- The Washington Times - Friday, December 20, 2002

Three months shy of Ronald Reagan's historic speech announcing his Cold War-winning Strategic Defense Initiative and one year after announcing America's withdrawal from the anachronistic Anti-Ballistic Missile (ABM) Treaty, President Bush ordered the Pentagon this week to begin deploying an ABM system by 2004. Notwithstanding the fact that it will be by necessity a modest, rudimentary system at the outset, the president's bold decision represents a major development in U.S. defense policy at the dawn of the new millennium.

"Throughout my administration," the president declared on Wednesday, "I have made clear that the United States will take every necessary measure to protect our citizens against what is perhaps the gravest danger of all: the catastrophic harm that may result from hostile states or terrorist groups armed with weapons of mass destruction and the means to deliver them." In an era of massive ballistic-missile proliferation among rogue states and their trading partners, it has become all the more imperative to defend against such an attack, which is capable of delivering weapons of mass destruction nuclear, biological and chemical over thousands of miles to the American homeland. Today, the United States cannot defend itself against a single ballistic missile, whether it is launched our way intentionally to inflict horrific damage or by accident.

September 11 made clear how vulnerable the homeland is to attacks by those whose sole mission is to inflict the maximum amount of harm upon America. Some critics of deploying an ABM capability argue that September 11 proved the nation is more vulnerable to internal terrorism actions than to ballistic-missile attacks. Yet, the events are not mutually exclusive. Indeed, several recent incidents involving North Korea, an indisputable member of an axis of evil and arguably the world's most nefarious missile proliferator, prove how dangerous the threat of ballistic-missile attack is. These North Korean incidents include: the discovery of its hidden nuclear-weapons-development program; its continuing clandestine trading of ballistic-missile technology with Pakistan in exchange for nuclear-weapons technology; North Korea's reported ongoing development of an intercontinental ballistic missile with a range in excess of 6,000 miles; and North Korea's delivery of Scud missiles to Yemen.

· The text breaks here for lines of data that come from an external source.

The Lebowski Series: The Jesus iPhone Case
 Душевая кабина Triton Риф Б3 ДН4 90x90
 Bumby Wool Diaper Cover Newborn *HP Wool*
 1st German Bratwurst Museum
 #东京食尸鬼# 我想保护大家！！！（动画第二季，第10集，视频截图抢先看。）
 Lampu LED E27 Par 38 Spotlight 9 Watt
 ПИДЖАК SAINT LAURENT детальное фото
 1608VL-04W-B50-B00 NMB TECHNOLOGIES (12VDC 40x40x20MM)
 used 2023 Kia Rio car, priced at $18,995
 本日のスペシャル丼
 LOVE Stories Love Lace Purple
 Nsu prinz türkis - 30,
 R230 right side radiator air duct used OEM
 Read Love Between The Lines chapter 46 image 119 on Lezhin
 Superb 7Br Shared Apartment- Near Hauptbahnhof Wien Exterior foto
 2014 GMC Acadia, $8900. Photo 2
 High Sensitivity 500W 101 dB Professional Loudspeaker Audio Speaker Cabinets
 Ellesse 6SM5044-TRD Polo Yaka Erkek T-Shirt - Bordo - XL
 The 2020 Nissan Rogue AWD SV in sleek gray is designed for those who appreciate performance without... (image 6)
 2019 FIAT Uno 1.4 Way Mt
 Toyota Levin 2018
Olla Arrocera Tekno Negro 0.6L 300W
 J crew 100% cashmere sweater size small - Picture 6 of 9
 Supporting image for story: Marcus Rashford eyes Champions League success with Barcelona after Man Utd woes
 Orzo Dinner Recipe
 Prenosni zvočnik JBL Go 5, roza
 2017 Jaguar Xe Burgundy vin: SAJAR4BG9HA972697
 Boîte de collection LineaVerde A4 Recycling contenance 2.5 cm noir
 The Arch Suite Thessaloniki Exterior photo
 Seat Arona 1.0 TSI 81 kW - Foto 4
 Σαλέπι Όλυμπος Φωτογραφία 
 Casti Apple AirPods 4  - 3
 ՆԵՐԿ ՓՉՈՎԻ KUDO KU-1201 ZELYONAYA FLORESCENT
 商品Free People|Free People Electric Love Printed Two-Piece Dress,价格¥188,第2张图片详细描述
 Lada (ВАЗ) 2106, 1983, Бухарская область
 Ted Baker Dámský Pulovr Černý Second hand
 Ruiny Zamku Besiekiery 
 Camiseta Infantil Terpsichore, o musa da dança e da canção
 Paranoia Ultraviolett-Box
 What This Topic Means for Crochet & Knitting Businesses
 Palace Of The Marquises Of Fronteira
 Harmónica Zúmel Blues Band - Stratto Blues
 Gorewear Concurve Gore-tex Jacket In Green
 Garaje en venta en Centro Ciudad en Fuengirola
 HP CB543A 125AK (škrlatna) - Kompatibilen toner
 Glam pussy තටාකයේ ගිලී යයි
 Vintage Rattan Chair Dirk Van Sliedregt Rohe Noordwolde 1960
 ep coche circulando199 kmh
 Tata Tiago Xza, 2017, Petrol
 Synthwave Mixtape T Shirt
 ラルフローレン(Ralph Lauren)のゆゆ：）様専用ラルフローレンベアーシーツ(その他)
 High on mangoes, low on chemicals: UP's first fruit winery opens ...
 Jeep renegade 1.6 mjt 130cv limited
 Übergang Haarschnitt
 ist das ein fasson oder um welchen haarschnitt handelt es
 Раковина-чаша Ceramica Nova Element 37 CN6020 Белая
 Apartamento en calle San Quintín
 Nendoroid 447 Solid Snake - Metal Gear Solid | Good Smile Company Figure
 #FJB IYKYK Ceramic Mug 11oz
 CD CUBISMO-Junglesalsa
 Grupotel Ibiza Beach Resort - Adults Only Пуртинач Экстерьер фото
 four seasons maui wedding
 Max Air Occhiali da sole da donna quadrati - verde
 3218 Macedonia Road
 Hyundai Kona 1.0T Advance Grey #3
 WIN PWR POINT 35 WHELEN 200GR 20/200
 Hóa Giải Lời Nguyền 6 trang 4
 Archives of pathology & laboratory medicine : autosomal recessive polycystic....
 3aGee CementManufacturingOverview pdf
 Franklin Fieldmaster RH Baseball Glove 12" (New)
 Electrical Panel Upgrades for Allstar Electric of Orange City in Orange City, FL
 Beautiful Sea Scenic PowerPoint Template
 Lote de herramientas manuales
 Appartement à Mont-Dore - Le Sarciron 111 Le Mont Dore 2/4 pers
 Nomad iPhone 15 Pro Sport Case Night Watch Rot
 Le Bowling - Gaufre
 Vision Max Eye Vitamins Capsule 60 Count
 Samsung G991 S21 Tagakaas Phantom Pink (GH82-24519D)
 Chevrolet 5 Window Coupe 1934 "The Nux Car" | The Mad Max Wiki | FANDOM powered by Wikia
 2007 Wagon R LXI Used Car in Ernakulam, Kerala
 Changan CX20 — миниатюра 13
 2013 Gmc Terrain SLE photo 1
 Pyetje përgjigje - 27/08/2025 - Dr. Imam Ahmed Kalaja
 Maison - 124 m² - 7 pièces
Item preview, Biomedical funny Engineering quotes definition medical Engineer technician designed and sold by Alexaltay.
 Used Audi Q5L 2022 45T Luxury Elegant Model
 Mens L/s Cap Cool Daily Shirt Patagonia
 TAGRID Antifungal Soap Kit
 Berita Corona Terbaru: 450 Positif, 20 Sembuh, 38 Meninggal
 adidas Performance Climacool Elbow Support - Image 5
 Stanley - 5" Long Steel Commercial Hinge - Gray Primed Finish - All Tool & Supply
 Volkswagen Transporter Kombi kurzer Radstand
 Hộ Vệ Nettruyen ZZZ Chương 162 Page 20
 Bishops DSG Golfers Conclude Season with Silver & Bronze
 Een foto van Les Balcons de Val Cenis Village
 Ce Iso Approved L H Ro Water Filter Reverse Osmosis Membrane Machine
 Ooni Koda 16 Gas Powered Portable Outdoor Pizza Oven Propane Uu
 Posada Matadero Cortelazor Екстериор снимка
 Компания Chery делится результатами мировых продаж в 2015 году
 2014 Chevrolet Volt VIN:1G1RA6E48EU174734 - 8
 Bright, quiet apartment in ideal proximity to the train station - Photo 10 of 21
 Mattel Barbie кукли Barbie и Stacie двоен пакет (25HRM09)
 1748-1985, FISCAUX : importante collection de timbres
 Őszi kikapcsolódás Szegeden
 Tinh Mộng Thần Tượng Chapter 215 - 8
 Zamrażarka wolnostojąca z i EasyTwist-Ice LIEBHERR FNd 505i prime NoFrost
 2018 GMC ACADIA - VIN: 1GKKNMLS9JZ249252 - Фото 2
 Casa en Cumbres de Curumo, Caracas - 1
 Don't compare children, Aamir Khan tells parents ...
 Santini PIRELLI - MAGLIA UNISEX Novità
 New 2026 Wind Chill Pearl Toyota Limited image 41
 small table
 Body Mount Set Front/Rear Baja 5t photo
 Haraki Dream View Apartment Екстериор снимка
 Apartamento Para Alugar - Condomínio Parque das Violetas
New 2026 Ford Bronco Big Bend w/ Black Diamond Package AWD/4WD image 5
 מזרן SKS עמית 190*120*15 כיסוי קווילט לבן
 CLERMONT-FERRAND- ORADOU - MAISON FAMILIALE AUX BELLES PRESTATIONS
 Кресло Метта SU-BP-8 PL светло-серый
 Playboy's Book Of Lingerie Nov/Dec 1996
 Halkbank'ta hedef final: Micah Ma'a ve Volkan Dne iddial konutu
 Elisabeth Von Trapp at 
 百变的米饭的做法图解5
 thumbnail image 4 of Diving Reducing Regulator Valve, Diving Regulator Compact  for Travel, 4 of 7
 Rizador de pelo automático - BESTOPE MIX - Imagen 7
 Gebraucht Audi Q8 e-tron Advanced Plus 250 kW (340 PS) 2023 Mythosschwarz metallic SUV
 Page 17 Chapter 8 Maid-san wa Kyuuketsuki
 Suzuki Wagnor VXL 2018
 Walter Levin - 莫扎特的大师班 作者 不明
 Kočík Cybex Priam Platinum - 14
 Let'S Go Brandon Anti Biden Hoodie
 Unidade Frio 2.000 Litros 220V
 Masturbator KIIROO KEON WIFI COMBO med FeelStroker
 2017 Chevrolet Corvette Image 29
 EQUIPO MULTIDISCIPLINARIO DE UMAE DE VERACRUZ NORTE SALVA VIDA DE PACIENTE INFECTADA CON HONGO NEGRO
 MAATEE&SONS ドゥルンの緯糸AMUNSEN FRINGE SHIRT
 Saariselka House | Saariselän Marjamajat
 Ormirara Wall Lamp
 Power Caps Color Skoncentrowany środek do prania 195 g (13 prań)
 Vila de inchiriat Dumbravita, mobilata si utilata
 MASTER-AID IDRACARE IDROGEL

Defense Secretary Donald Rumsfeld made clear that the initial deployment will be the first stage of a very robust, multi-layered (land-, sea-, air- and space-based) system. Yet, rudimentary though the ABM system will be in its earliest stage, Mr. Rumsfeld also emphasized that it will be "better than nothing."

Critics also complain that the systems scheduled for early deployment such as the six ground-based interceptors to be based at Fort Greely, Alaska, and the four interceptors at Vandenberg Air Force Base in California are still in their testing stage. Mr. Rumsfeld, however, reminded those critics that the hugely successful Predator, the unmanned aerial vehicle that recently launched a Hellfire missile killing a top Al Qaeda operative in Yemen, entered service during the war in Afghanistan before its testing was completed.

Bill Gertz of The Washington Times, who first revealed that the president's decision to begin ABM deployment will be in 2004, also reports that the Navy will deploy its SM-3 missile on Aegis-equipped warships. These missiles will be capable of shooting down medium-range missiles. Additionally, nearly 350 Patriot PAC-3 anti-missile systems will be deployed to defend against short-range missiles, including several versions of the ubiquitous Scuds.

Clearly, Mr. Bush intends to fulfill his campaign commitment to transform America's national security strategy and defense capabilities to meet the threats of the 21st century.